Though we take them for granted today, ATMs in particular have transformed the entire banking experience, eliminating long lines of customers waiting for tellers.
And now, the Internet of Things (IoT) is now poised to revolutionize branch banking all over again.
Unlike ATMs, though, the IoT is a collection of technologies that will enable countless improvements across many facets of the retail banking experience. Here are the top five ways that technology is changing banking:
1. Mobile fraud prevention. For years, credit card companies have relied on location tracking as a signal for fraud. If your credit card starts making purchases half a world away, for example, the credit card company can flag the transaction, place a hold on the charge, or reach out to the card holder for confirmation.
Now, thanks to wearable and mobile devices, banks can offer that same kind of protection. If customers install the bank’s mobile app on their smartphone or wearable device, the bank can monitor their location.
If the device isn’t located where a transaction is occurring, the bank can instantly flag that as a suspicious transaction. That’s especially useful for bank-issued debit cards, which often don’t offer the same purchase protection as credit cards.
2. Banking directly from mobile devices. Speaking of wearable and mobile technology, banks can increasingly offer the ability to conduct transactions from the wrists of customers, avoiding the need to do business in person at branch locations.
Banks can integrate their services with popular payment systems like Apple Pay, Samsung Pay, and Fitbit Pay, for example, on phones, watches, fitness bands, and other devices.
Even tasks as simple as depositing a check can be done through mobile devices – customers can photograph both sides of the check and upload it to the bank via a mobile app.
3. Chatbots alleviate employee workload. We live in an age when customers expect around-the-clock service, whether it’s retail or banking.
Even during ordinary business hours, delivering customer phone support can require significant resources. Thanks to machine learning algorithms and the IoT, though, digital assistants can perform that lion’s share of customer service phone support, only escalating calls to human customer service reps for complicated scenarios.

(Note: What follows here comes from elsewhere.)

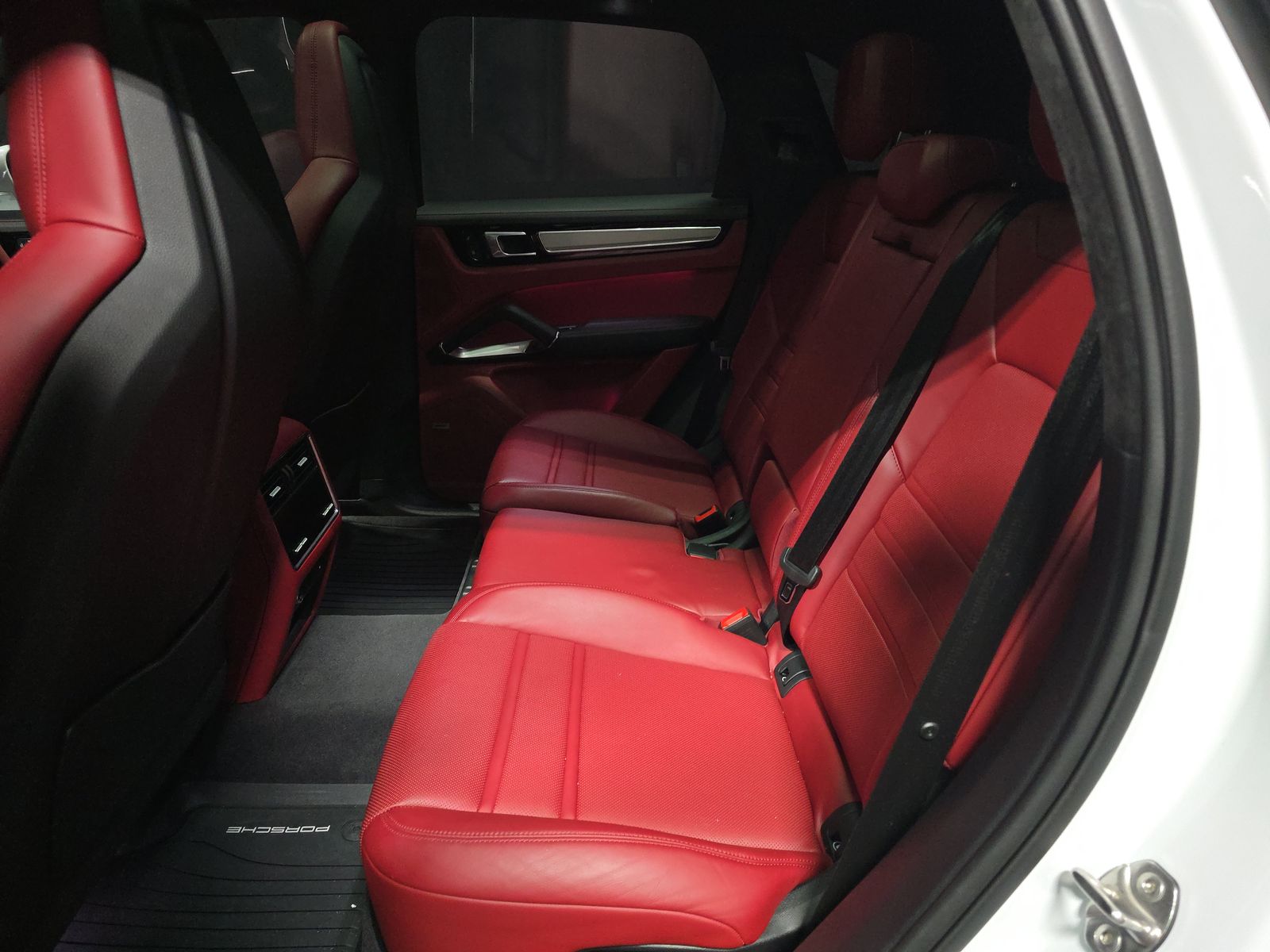 2023 Porsche Cayenne E-Hybrid Turbo S AWD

Chatbots are already convincingly human, able to understand natural language conversation and respond authentically – especially when augmented with industry-specific vocabularies.

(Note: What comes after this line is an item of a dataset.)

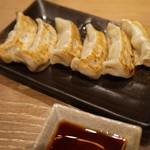 肉汁餃子のダンダダン - 皮は厚めのモチモチ系！がぶりと噛めばじゅんじゅわ～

4. Smart personalization. While IoT innovations increasingly help customers avoid using their local branches, the reality is that there will continue to be times when human interaction is required.
And for times like those, the IoT can help banks offer more personalized and customized experiences.
For example, banks can borrow a trick from retailers by installing wireless beacons inside the branch. These virtually invisible devices can help to identify customers via the mobile devices they carry.
This tech can be combined with facial recognition systems so tellers and other customer service representatives can identify customers and be prepared for their visit before they reach the front of the line.
Not only does it offer better personalization, but shaves time off the total end-to-end customer experiences as well.
5. Preventative maintenance for equipment. Bank branches contain a plethora of equipment. All of this is in addition to the typical systems you’d find at any physical facility (think HVAC, lighting, alarms, controlled entry and exit). Certain specialized equipment in banks, such as teller cash recyclers, can cost as much as $40,000. With that level of investment, it only makes sense to protect it with remote monitoring software. In fact, using an IoT platform, all of the equipment and systems in a bank branch could be monitored for potential failure and improved efficiency.
It’s really only a matter of time before banks make investments in monitoring these pieces. By the time it’s all said and done with the coming technology changes, someone stepping out of 2020 probably won’t recognize banks in 2050.